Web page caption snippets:
+ + + + +

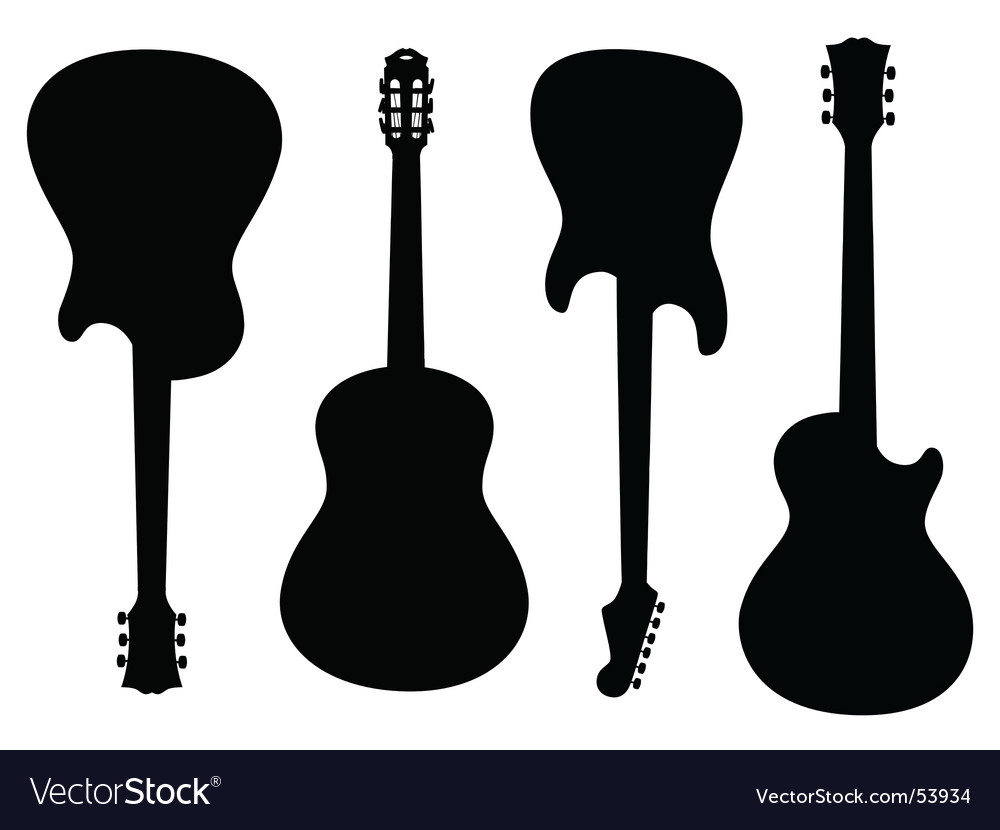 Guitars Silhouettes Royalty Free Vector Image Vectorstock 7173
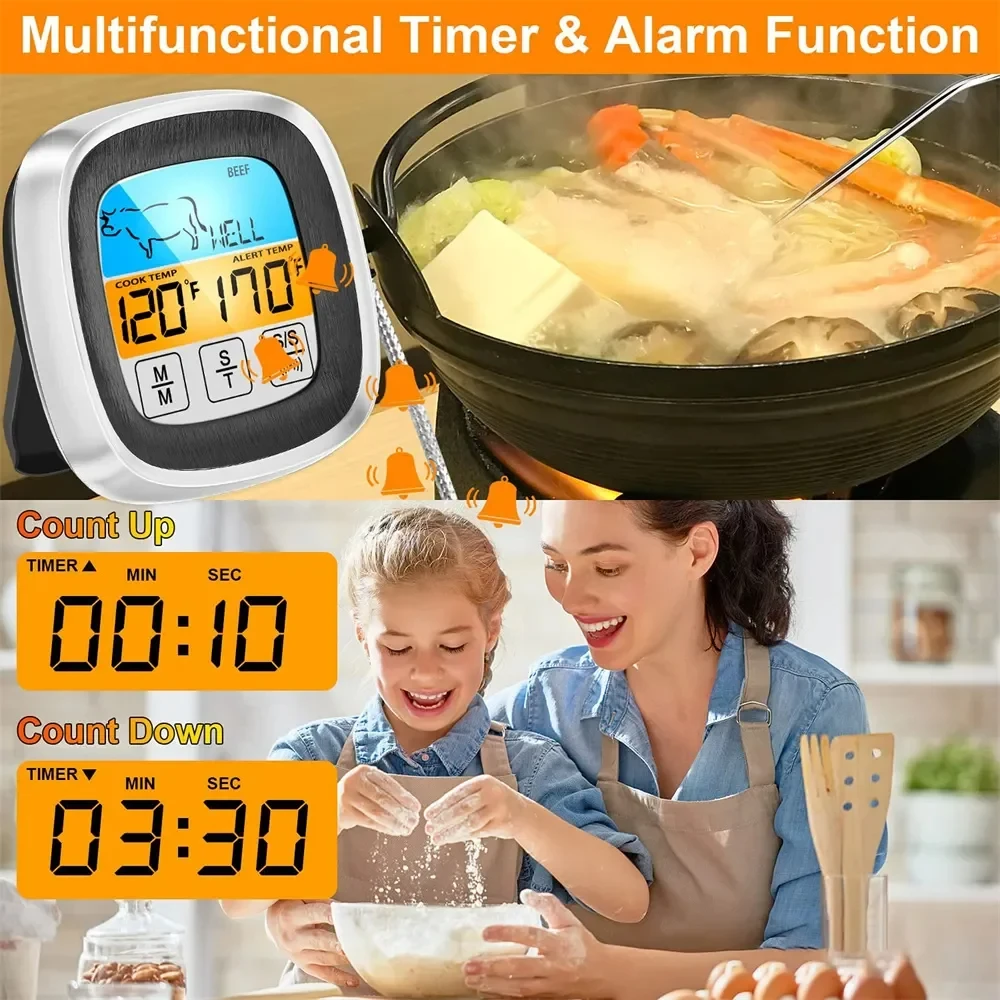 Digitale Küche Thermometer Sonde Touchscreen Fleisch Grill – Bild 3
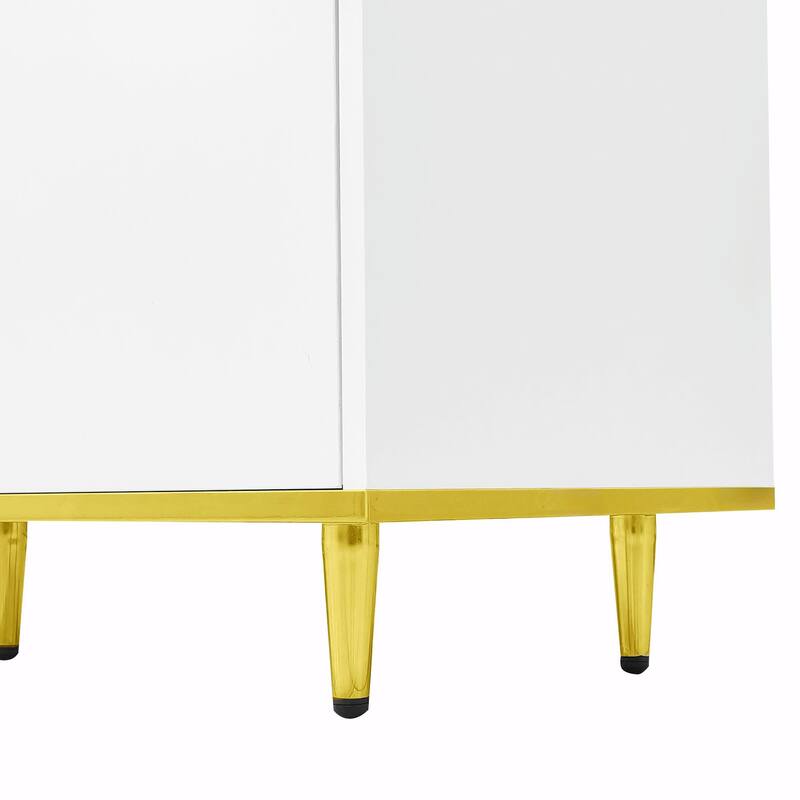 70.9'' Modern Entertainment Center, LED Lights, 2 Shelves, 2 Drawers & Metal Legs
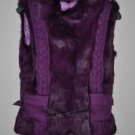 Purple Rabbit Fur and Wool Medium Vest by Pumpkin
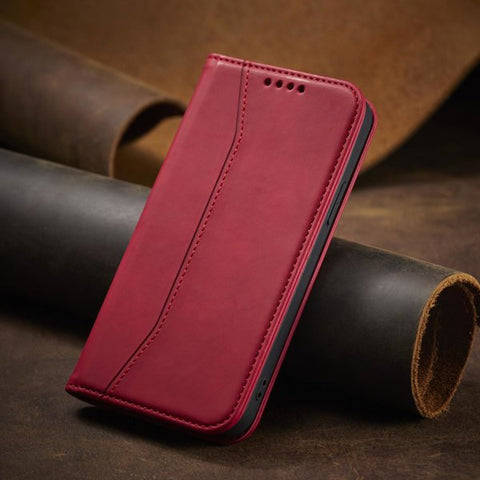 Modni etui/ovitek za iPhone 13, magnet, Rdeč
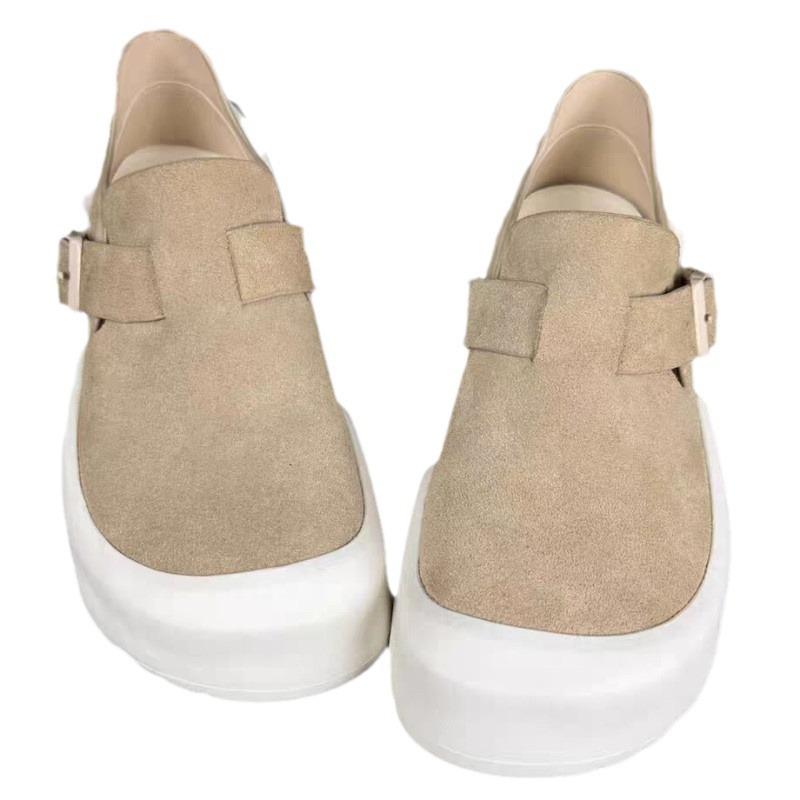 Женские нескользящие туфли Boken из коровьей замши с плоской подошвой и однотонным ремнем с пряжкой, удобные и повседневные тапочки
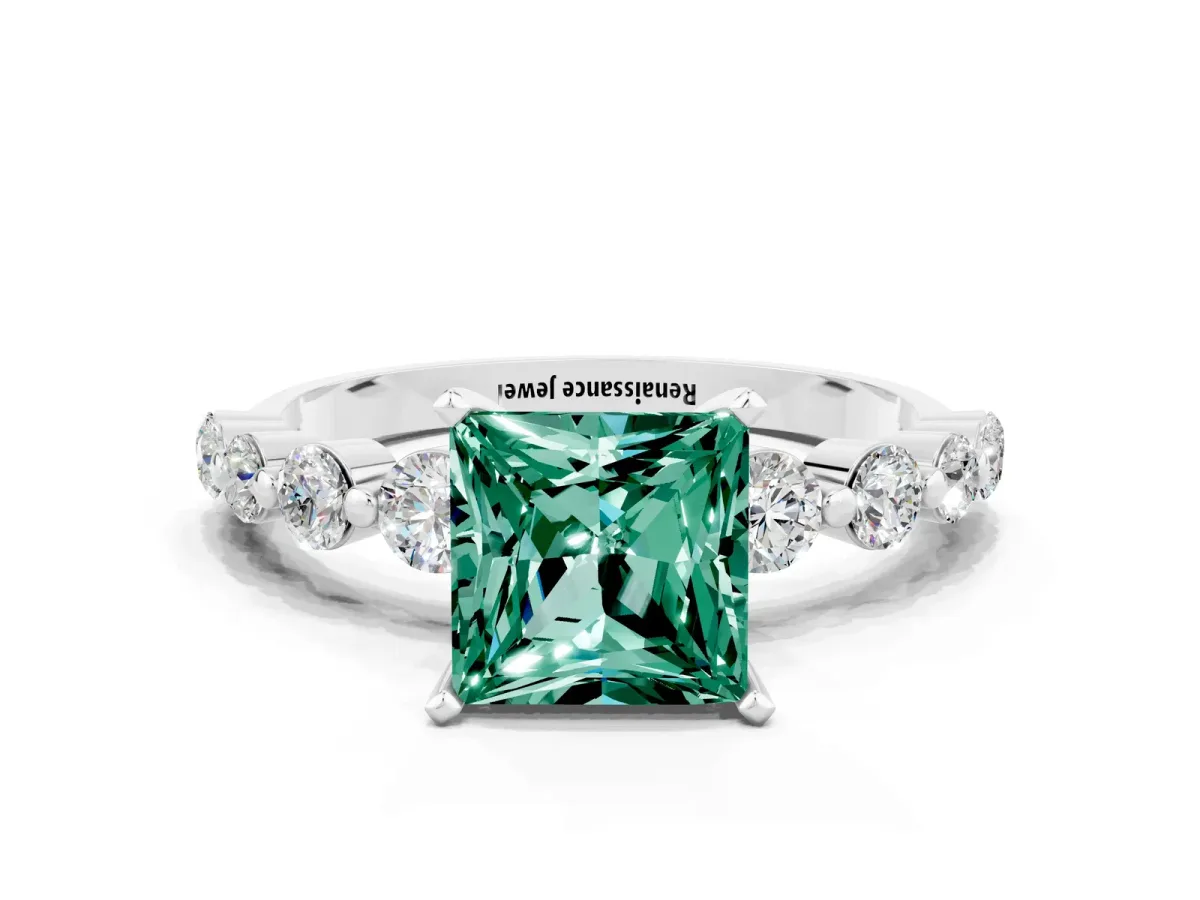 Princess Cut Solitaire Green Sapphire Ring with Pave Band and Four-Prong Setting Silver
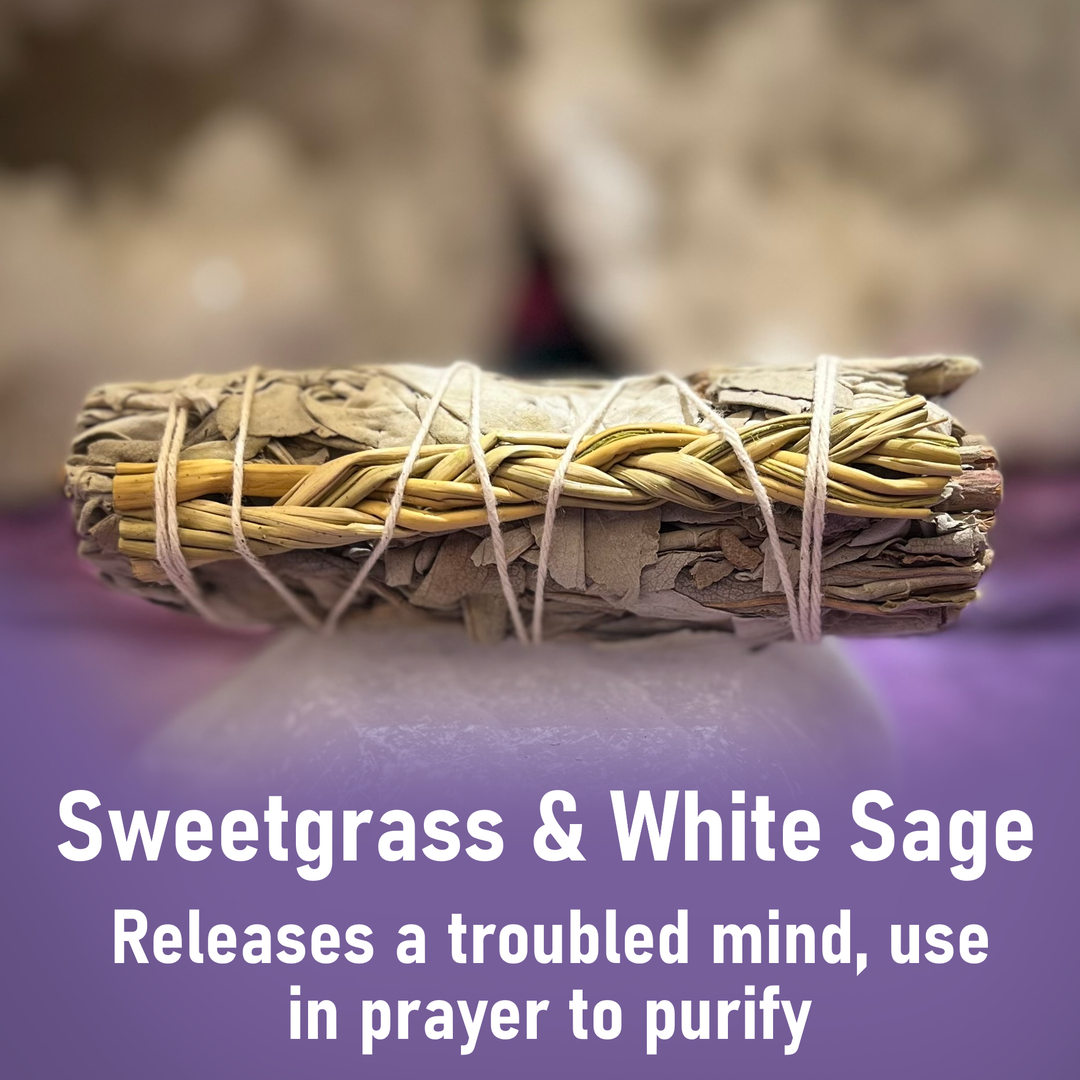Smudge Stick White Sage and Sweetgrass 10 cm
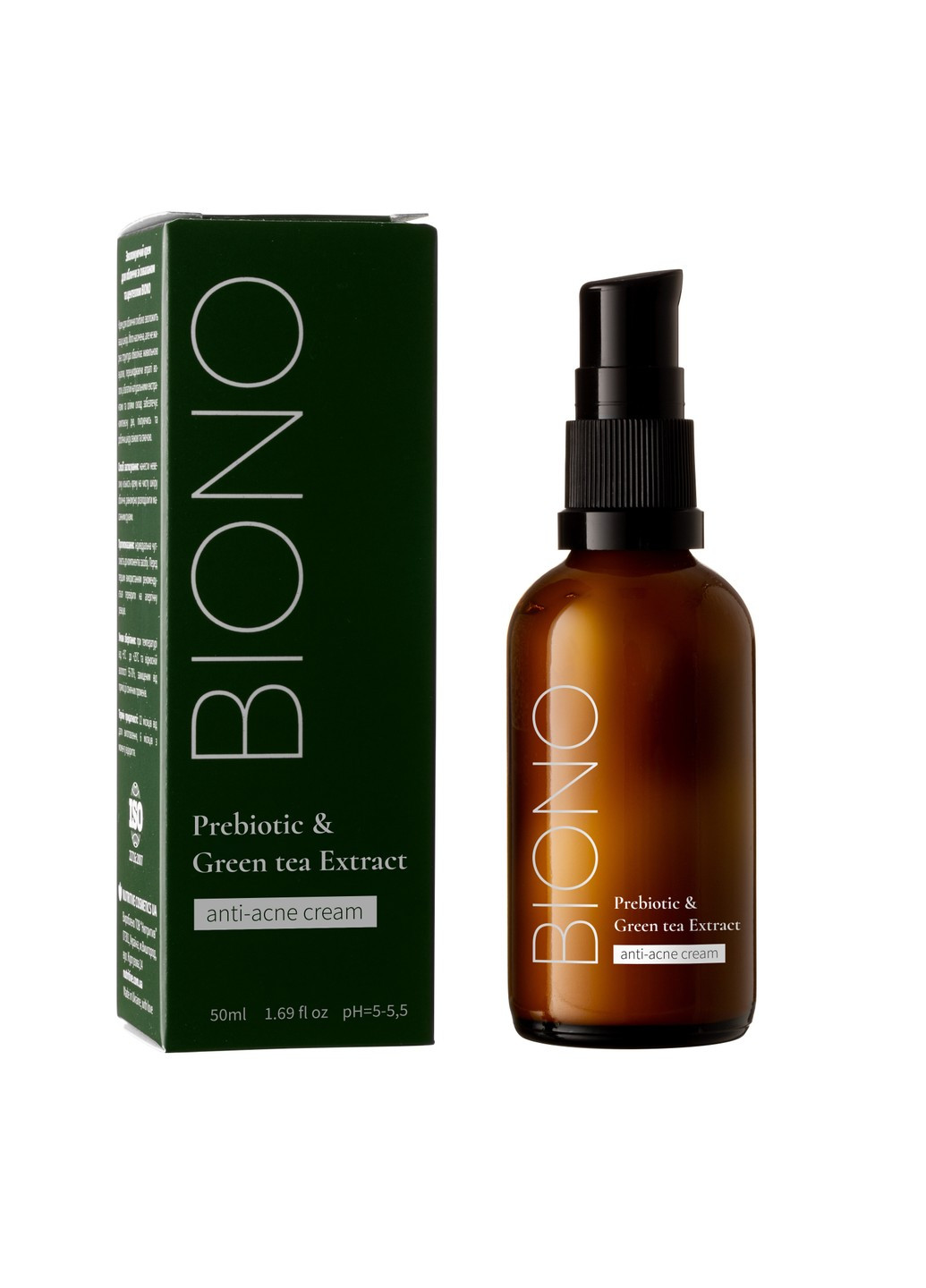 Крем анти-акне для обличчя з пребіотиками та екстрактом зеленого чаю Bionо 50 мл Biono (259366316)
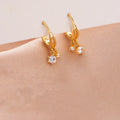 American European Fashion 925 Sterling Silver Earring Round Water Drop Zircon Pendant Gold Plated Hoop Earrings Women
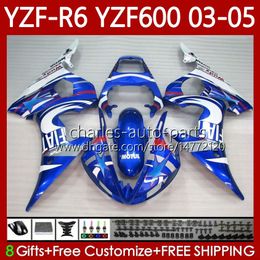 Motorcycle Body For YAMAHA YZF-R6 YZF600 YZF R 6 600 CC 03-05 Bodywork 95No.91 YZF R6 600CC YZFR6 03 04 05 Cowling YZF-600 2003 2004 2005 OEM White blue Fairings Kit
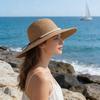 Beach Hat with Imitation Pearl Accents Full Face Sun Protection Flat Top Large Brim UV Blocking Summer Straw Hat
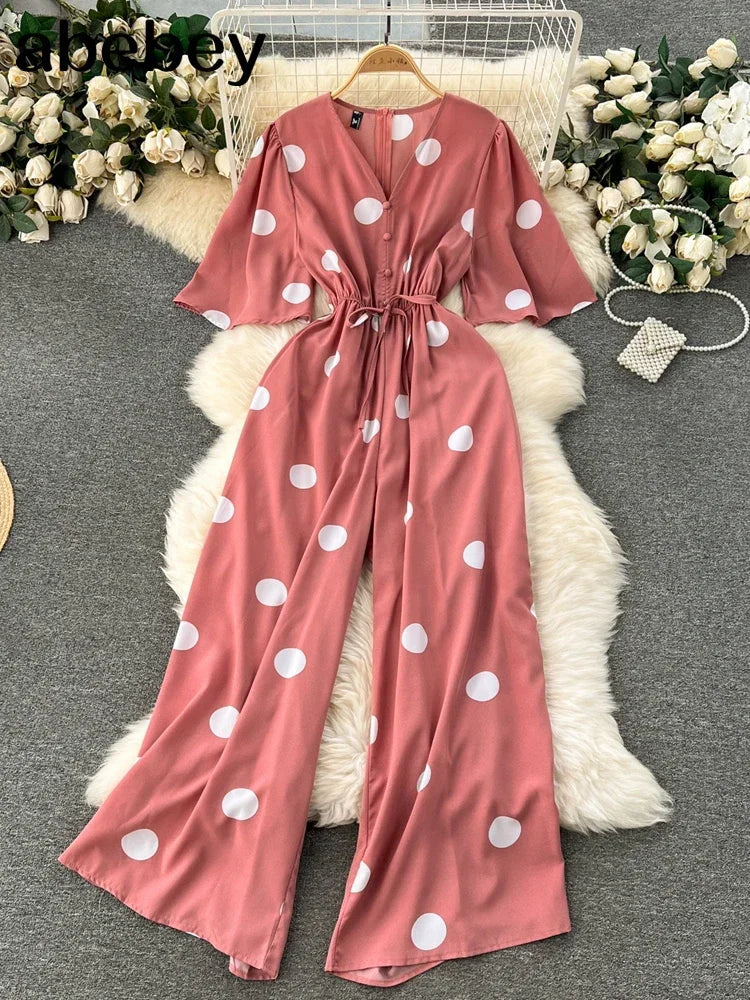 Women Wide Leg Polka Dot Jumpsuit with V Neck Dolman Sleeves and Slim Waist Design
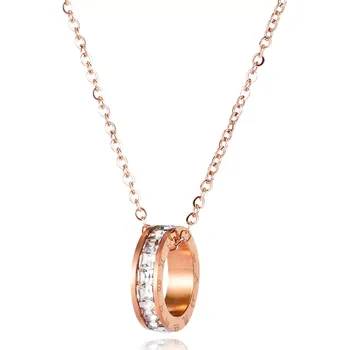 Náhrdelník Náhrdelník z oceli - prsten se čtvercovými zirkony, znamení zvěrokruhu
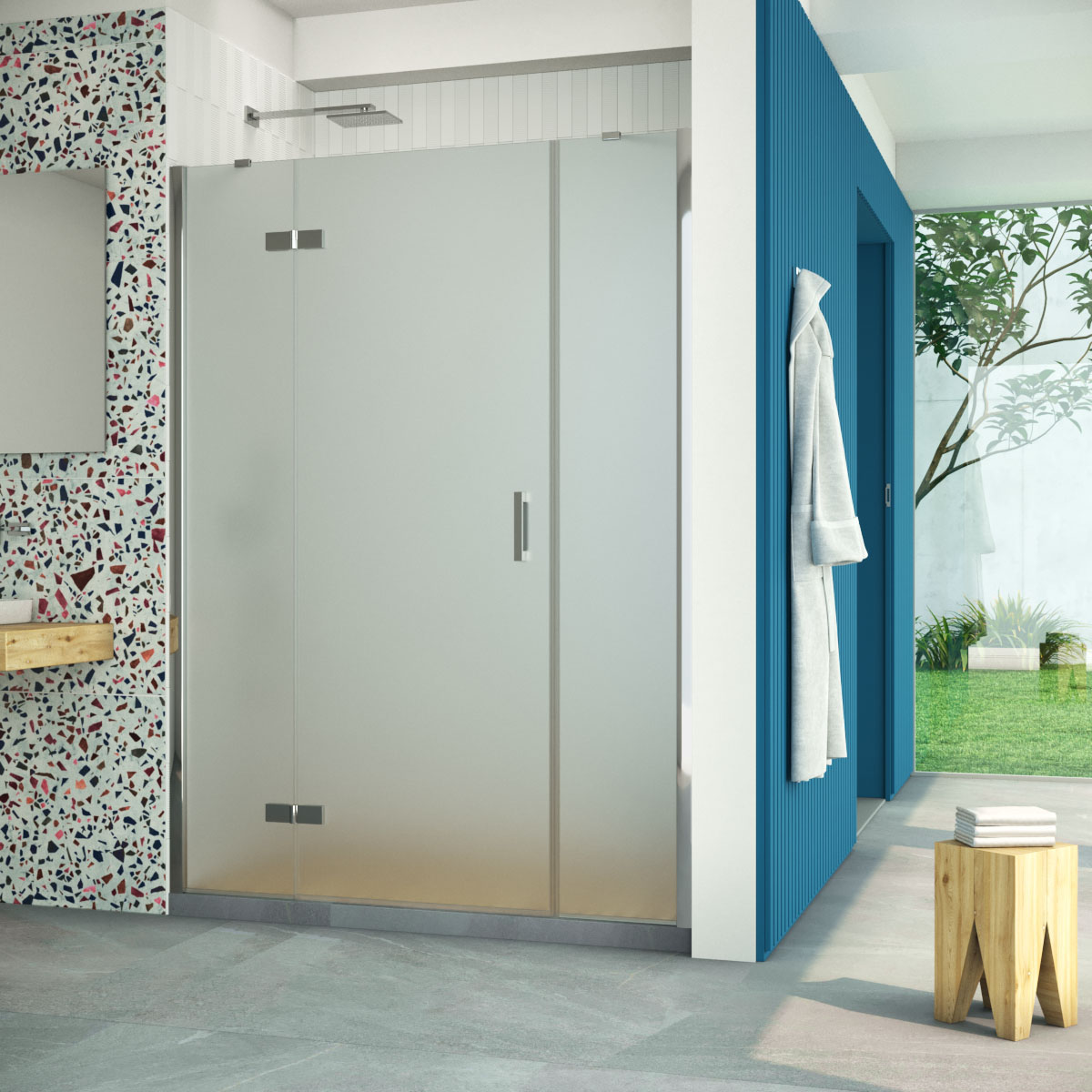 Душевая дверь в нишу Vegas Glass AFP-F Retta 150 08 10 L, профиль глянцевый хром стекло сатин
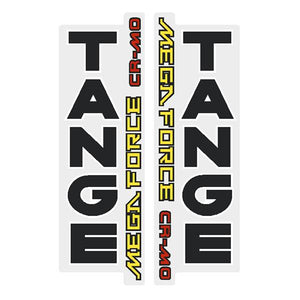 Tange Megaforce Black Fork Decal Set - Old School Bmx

+ + + + +

- [Exercise objective]
Exactly as written, please copy out the whole set of records, skipping images.

- [Response to this exercise]
 Guitars Silhouettes Royalty Free Vector Image Vectorstock 7173
 Digitale Küche Thermometer Sonde Touchscreen Fleisch Grill – Bild 3
 70.9'' Modern Entertainment Center, LED Lights, 2 Shelves, 2 Drawers & Metal Legs
 Purple Rabbit Fur and Wool Medium Vest by Pumpkin
 Modni etui/ovitek za iPhone 13, magnet, Rdeč
 Женские нескользящие туфли Boken из коровьей замши с плоской подошвой и однотонным ремнем с пряжкой, удобные и повседневные тапочки
 Princess Cut Solitaire Green Sapphire Ring with Pave Band and Four-Prong Setting Silver
Smudge Stick White Sage and Sweetgrass 10 cm
 Крем анти-акне для обличчя з пребіотиками та екстрактом зеленого чаю Bionо 50 мл Biono (259366316)
 American European Fashion 925 Sterling Silver Earring Round Water Drop Zircon Pendant Gold Plated Hoop Earrings Women
 Motorcycle Body For YAMAHA YZF-R6 YZF600 YZF R 6 600 CC 03-05 Bodywork 95No.91 YZF R6 600CC YZFR6 03 04 05 Cowling YZF-600 2003 2004 2005 OEM White blue Fairings Kit
 Beach Hat with Imitation Pearl Accents Full Face Sun Protection Flat Top Large Brim UV Blocking Summer Straw Hat
 Women Wide Leg Polka Dot Jumpsuit with V Neck Dolman Sleeves and Slim Waist Design
 Náhrdelník Náhrdelník z oceli - prsten se čtvercovými zirkony, znamení zvěrokruhu
 Душевая дверь в нишу Vegas Glass AFP-F Retta 150 08 10 L, профиль глянцевый хром стекло сатин
 Tange Megaforce Black Fork Decal Set - Old School Bmx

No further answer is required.